Entran seis personas a la vez, que pertenecen a dos comitivas distintas. Cuatro de ellas se sientan donde estaban los trabajadores y piden comida. Una quiere un bocadillo, otra, un café con leche y un cruasán. 'Yo es que no puedo tragar', susurra una de las mujeres. 'A mí me da por comer', se excusa quien pide el bocadillo. Las otras dos se quedan en la barra. Son un hombre y una mujer que no creo que sean pareja. Él va vestido con americana, ella con pantalones vaqueros y botas de piel. Está muy morena y lleva un collar de perlas, de esos anudados. 'Te lo digo, Jordi', le repite al hombre: 'Si a mí me pasa algo, me quemáis, pero este paripé no'. Él pide un carajillo de Ron Pujol.
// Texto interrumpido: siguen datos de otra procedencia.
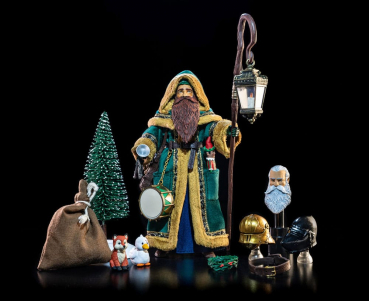 Father Christmas (Green Robes) Action Figure, Figura Obscura, 15 cm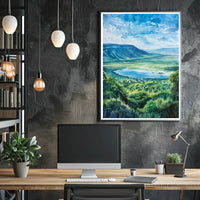 Tranquil Landscape Vista Poster PosterGoat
Ella duda: '¿Qué tomo? ¿Un carajillo también?'. Él se encoge de hombros: '¿Pero te gusta, el carajillo?'. Ambos se interrumpen para saludar a un grupo de la calle -el suyo- en el que tres personas lloran. 'Pues pide un cortado', sugiere. 'No sé. Es que llevo tantos...'. El hombre hace un gesto con el dedo índice a los de fuera, para indicarles que enseguida van para allá. 'O pide un carajillo de Baileys'. Ella abre los ojos al oír eso: '¡Ay sí!, ¡Baileys!', exclama ilusionada: '¡Baileys!'.